Perdana Menteri Thailand Paetongtarn Shinawatra. Foto: The Bangkok Post
Bangkok: Perdana Menteri Thailand Paetongtarn Shinawatra dijadwalkan bertemu dengan Letnan Jenderal Boonsin Padklang pada Jumat 20 Juni 2025 dalam upaya meredam krisis politik yang tengah mengguncang pemerintahannya.
Pertemuan ini menyusul kebocoran percakapan telepon antara dirinya dengan mantan Perdana Menteri Kamboja Hun Sen, yang menyebut Boonsin sebagai "lawan".
Mengutip dari The Star, Jumat 20 Juni 2025, Paetongtarn, yang baru menjabat kurang dari satu tahun, telah menyampaikan permintaan maaf secara terbuka pada Kamis 19 Juni 2025, setelah kebocoran rekaman tersebut memicu kemarahan publik dan ketegangan diplomatik dengan Kamboja.
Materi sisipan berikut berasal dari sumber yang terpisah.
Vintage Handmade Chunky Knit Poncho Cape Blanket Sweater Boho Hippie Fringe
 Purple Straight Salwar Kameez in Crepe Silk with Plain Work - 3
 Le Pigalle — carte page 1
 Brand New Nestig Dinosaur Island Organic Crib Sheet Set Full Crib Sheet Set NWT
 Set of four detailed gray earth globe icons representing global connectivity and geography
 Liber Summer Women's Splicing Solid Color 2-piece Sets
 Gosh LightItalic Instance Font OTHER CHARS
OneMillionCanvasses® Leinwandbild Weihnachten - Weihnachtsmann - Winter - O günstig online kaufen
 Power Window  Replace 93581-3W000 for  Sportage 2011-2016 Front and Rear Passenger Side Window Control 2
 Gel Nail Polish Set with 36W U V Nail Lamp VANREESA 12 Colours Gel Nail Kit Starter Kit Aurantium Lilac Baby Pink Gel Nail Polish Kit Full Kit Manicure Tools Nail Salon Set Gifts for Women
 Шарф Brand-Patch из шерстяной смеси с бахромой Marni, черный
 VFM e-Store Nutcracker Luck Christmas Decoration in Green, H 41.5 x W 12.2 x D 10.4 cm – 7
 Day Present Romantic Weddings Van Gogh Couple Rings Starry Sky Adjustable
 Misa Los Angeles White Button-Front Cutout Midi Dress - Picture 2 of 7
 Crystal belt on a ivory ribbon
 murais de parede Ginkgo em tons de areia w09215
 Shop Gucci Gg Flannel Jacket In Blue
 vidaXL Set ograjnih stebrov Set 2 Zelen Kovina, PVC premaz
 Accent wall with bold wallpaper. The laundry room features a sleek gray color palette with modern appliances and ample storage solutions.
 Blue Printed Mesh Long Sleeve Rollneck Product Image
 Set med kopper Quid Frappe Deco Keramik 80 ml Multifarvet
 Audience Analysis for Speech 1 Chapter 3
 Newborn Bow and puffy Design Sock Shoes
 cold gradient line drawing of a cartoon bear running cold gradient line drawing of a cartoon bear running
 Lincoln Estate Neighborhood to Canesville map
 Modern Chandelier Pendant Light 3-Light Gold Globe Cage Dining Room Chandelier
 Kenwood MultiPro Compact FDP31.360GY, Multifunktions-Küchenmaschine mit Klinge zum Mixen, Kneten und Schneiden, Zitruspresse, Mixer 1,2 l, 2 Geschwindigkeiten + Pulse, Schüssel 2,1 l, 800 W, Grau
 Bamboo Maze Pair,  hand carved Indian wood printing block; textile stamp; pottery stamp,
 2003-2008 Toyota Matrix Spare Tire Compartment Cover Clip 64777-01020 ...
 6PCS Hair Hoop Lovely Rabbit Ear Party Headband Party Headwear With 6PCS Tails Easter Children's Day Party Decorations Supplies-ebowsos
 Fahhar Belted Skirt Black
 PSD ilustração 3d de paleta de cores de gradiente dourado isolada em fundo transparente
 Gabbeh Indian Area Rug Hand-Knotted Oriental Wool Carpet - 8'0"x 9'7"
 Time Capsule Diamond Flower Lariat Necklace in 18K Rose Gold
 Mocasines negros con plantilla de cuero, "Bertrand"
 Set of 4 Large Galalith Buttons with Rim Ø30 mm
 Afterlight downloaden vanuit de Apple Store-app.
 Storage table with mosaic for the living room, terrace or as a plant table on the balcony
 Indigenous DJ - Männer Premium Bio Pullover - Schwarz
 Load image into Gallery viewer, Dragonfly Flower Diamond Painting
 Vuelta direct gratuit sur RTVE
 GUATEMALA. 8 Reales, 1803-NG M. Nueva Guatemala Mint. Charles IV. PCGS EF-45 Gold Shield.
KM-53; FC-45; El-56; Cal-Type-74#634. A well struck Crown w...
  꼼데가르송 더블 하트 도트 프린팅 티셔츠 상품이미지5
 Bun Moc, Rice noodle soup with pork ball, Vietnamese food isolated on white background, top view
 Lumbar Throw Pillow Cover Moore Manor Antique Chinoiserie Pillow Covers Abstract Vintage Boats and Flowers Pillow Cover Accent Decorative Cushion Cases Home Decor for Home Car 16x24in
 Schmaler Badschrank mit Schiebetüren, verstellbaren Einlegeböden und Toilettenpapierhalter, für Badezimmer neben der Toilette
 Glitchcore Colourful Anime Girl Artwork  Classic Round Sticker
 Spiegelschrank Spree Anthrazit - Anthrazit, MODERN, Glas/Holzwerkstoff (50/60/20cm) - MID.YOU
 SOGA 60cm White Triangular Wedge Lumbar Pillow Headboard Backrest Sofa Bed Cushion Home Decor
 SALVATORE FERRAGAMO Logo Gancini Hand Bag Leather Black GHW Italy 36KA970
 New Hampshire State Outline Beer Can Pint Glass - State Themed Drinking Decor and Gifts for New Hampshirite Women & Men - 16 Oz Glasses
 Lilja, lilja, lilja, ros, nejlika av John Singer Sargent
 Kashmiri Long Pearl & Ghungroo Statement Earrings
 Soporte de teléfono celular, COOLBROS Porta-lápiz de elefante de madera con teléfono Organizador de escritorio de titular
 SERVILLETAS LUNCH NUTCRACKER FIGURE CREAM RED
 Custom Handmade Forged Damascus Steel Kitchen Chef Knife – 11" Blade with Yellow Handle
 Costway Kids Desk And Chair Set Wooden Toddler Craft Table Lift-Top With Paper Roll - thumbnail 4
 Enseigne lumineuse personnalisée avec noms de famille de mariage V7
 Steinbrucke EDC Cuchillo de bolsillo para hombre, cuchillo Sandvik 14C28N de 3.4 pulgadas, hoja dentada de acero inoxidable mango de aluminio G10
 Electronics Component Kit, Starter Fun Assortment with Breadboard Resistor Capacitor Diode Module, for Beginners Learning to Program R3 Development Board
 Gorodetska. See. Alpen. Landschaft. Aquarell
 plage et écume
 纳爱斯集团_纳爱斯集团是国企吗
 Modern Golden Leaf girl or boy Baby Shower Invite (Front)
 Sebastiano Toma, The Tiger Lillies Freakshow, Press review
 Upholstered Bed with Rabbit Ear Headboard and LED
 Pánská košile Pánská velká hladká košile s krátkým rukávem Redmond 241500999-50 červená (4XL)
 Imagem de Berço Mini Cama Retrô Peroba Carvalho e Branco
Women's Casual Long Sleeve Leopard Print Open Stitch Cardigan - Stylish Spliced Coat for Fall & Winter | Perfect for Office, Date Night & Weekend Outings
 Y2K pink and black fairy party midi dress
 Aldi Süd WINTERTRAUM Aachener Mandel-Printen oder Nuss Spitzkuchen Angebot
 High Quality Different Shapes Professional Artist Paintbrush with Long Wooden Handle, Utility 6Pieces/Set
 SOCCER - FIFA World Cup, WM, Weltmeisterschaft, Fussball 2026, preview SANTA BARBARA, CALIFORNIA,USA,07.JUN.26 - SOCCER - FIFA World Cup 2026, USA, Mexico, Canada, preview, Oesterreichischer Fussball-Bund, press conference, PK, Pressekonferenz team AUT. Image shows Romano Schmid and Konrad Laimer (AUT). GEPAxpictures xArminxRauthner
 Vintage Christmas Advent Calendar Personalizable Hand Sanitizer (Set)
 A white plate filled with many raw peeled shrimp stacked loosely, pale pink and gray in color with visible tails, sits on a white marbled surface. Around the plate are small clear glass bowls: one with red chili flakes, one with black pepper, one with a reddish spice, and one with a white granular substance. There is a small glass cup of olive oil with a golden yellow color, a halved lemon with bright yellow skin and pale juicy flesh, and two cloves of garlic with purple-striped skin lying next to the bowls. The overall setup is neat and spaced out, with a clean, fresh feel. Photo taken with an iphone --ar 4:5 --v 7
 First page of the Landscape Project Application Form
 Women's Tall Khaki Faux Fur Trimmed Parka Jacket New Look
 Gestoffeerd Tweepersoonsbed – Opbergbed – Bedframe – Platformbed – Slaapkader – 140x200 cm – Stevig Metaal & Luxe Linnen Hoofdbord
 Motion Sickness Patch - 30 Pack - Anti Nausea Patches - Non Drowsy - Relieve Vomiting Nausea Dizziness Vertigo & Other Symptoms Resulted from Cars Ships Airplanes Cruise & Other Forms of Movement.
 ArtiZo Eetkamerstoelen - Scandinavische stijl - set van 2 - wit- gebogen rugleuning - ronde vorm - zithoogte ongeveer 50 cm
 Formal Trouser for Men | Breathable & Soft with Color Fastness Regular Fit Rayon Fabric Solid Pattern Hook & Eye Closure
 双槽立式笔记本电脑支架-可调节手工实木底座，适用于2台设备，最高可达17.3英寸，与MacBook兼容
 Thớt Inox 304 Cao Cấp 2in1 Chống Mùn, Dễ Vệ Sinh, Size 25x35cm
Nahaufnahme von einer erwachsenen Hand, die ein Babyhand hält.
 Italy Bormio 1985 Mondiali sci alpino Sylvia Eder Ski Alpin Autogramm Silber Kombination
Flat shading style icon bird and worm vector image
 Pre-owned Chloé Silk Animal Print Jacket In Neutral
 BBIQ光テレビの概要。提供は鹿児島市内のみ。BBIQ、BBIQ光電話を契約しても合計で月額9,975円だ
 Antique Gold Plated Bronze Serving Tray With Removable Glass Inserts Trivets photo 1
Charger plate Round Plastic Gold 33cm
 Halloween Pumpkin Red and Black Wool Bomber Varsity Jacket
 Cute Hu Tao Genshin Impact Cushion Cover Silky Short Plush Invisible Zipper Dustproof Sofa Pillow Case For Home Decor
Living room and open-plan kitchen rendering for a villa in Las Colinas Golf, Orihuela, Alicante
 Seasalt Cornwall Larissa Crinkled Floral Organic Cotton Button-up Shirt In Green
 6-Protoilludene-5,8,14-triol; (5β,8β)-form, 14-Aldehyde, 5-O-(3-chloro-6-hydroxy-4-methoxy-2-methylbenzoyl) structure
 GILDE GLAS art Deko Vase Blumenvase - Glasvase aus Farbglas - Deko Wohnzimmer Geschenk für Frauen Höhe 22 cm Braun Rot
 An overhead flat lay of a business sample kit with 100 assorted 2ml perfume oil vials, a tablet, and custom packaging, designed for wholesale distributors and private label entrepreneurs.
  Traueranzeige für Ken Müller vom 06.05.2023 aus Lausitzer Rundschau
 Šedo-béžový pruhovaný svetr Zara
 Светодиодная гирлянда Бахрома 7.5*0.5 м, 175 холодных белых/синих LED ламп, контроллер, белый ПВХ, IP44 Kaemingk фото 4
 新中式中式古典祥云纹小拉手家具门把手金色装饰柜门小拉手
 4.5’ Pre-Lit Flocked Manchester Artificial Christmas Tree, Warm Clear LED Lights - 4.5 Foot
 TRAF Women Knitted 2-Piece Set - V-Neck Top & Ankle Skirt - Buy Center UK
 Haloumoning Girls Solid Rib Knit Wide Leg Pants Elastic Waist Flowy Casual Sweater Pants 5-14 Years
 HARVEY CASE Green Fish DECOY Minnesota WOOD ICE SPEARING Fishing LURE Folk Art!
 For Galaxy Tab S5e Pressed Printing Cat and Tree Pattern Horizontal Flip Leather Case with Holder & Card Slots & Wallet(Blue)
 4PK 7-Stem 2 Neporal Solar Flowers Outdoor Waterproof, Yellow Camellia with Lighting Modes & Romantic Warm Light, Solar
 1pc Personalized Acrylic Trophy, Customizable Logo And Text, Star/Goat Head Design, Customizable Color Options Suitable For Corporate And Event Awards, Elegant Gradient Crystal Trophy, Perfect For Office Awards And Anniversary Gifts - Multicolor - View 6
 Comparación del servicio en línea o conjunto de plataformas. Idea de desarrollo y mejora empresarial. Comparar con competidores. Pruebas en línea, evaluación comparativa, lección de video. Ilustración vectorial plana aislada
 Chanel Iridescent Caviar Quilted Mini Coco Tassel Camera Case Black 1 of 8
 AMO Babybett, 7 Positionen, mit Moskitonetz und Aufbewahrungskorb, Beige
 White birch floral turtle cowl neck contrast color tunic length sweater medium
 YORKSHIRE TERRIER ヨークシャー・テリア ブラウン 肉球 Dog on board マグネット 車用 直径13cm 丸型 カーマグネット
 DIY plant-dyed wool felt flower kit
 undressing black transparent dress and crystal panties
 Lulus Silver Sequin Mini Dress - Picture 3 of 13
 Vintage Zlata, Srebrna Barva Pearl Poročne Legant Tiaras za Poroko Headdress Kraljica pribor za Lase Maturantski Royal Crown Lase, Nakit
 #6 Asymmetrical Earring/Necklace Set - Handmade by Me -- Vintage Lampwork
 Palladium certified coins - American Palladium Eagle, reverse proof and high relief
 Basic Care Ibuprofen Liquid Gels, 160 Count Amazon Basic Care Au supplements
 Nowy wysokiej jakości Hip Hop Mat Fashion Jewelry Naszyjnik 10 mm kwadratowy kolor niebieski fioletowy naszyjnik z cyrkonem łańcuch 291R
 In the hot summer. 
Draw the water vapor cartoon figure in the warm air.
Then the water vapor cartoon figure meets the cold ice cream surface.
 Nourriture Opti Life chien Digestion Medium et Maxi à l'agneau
Pemerintah Thailand bahkan telah melayangkan protes resmi ke Phnom Penh atas insiden tersebut.
Krisis ini semakin dalam ketika Partai Bhumjaithai, mitra utama dalam koalisi yang berhaluan konservatif, menarik dukungan pada Rabu 18 Juni 2025. Partai itu menilai Paetongtarn telah menghina militer dan merusak martabat negara. Dengan keluarnya Bhumjaithai, koalisi yang dipimpin oleh Partai Pheu Thai kini hanya memegang mayoritas tipis di parlemen.
Jika satu lagi partai besar menarik dukungan, pemerintahan Paetongtarn bisa tumbang dan Thailand berpotensi kembali dilanda ketidakstabilan politik, di tengah tekanan ekonomi dan ancaman tarif perdagangan dari Presiden AS Donald Trump.
Namun, di tengah tekanan tersebut, terdapat sedikit kabar baik. Partai Demokrat, salah satu pilar konservatif dalam koalisi menyatakan akan tetap bertahan.
“Partai Demokrat akan tetap berada dalam pemerintahan demi membantu menyelesaikan tantangan yang dihadapi negara saat ini,” ujar partai itu dalam pernyataan resmi.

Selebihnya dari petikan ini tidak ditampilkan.